Further to my reply to Steve Kurtz’s comments (“Living within the evironments, 30 January) I don’t thik it can be emphasised too much just how much we’ll be able to reconnect ourselves to the natural environment by the use of synthetic DNA production methods. ‘Synthetic DNA’ is an unfortunate misnomer in this context but so far it’s the only term we have at present. What is mean by synthetic DNA in this context is that it’s essentially perfectly normal DNA but has additional genes that makes it incapable of reproducing.
The only human activities for which we’d need non-recyclable materials and equipment — say, using metals and exotic non carbon-based compunds — are those needed for scientific experiments.
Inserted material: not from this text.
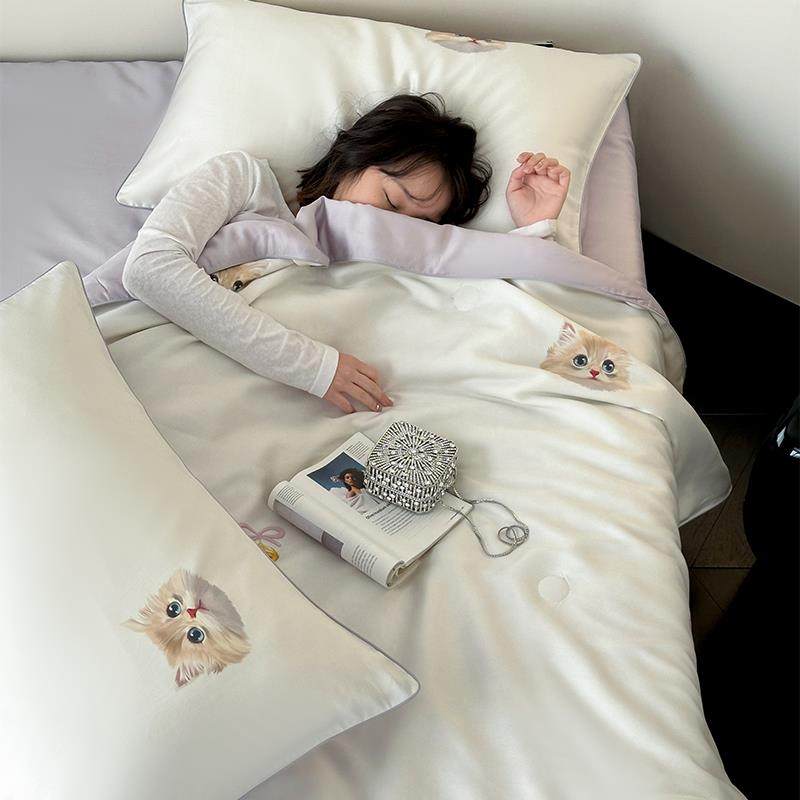 a类母婴级天丝夏凉被/2025新款空调被冰丝可机洗夏被四件套双人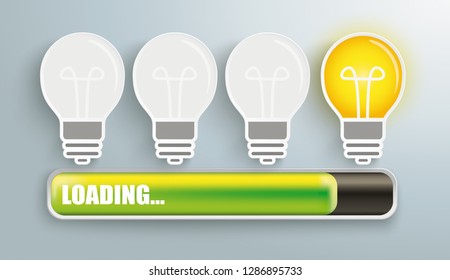 Idea bulbs with progress bar and text loading. Eps 10 vector file.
But these can be housed in sreas which don’t impinge on nature anyway — tops of mountains, underground, in some deserts which can’t support life forms, etc. Indeed, many scientific experiments in the future for size — will probably need to be done in space anyway, or on the moon perhaps.
I’m talking a very long way into the future — and maybe we’ll blow ourselves up before then or meet with some pandemic which will turn out to have 100% mortality for our species — but when one considers the huge range of biological research now pouring out of labs in some of our advanced countries then I see no reasn why we shouldn’t develop a total make-over for almost every ‘unnatural’ materials and methods in use today. I see no reason why a very advanced cilization should not also be entirely natural in its design and practice.